Creating new fields. In this dimension type, the latest update to the changed values can be seen. The example shown below illustrates how to add new columns and keep track of the changes. From the example, we can see the current price and the previous price of the product, “Thingamabob”.
The problem with the Previous Values approach is over time if the product price has multiple changes; the complete history may not be stored, only the latest change will be stored. For instance, in year 2008, if the Thingamabob's price changes to $350, then we would not be able to see the complete history of 2007 prices, since the old values would have been updated with 2008 product information.
- RED guides you through the process of adding secondary columns.
A Date Ranged dimension supports source systems that provide date ranged information. It rolls over time based on specified columns and date range and the history is kept. Otherwise, it looks just like the Slowly Changing dimension type. The difference in that the date range dimension is valid for a given range or set of dates on specified columns.
The following example might be appropriate here. Thingamabobs are on sale for the date range 1/1/08 – 1/31/08 at $150 and on sale for the date range 2/1/08 - 2/29/08 for $200. So the dimensional records would be for 1/1/08…1/31/08, 2/1/08…2/29/08 and 3/1/08 to present each range would be represented by a date range dimension key and the product on sale for that dimension key could be reported on.
- RED will guide you through the process of identifying which column(s) will be date ranged columns, i.e. “from” datetime column followed by the “until” datetime column. E.g. such “from” column could be “Effective Datetime” and “until” column - Expiration Datetime
Note: RED is using slightly different naming convention.
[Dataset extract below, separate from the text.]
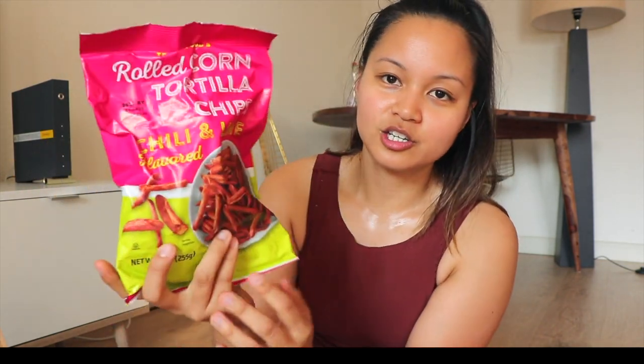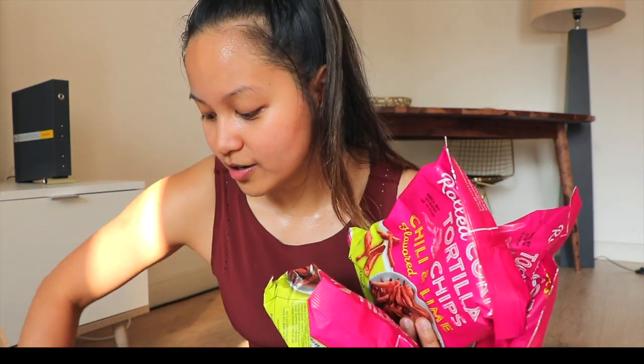Next fun thing — they're super vacuumed — but they're the rolled corn tortilla chips in chili and lime. They remind me so much of Takis but better. They have like an extra flavoring, an extra kick in there, so it doesn't taste as chemically as Takis. Got four of those.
The above table will look like this:
(*) = (Business Key)
(**) = (Primary Artificial Key)
(+) = (Slowly Changing Business Key)
A Get Dimension Key Stored Procedure
The 'Get Key' stored procedure is auto-generated by RED to return an artificial key when a business key is supplied. The normal syntax is to call the function (usually from update_stage_% stored procedure) passing the business key and be returned a status indicating the result of the lookup.
EXEC @v_return_status = get_dim_product_key
,'N' -- Auto add flag
,'N' -- Write error trail entry if not found flag
On a successful lookup, the artificial key for the dimension record is also returned. If the lookup fails because the business key is not found in the dimension then an appropriate status is returned and the artificial key is set to 0.
The main logic as follows:
- Lookup the key: If dss_end_date is NULL, then we are just looking up the current record. If not null then we are trying to match to a specific slowly changing record, so look through all of the records until finding the appropriate one.
- The procedure then loops through all the old keys looking for a match on the date. If key is found then the procedure sets the key and the flag.
- If no match found then the procedure gets the current version.
- If a dimension key is not found, then the procedure will add it if we have the auto_add flag set.
- If requested (auto add log message), the procedure will log a message about the auto add and log a message about the lookup failure.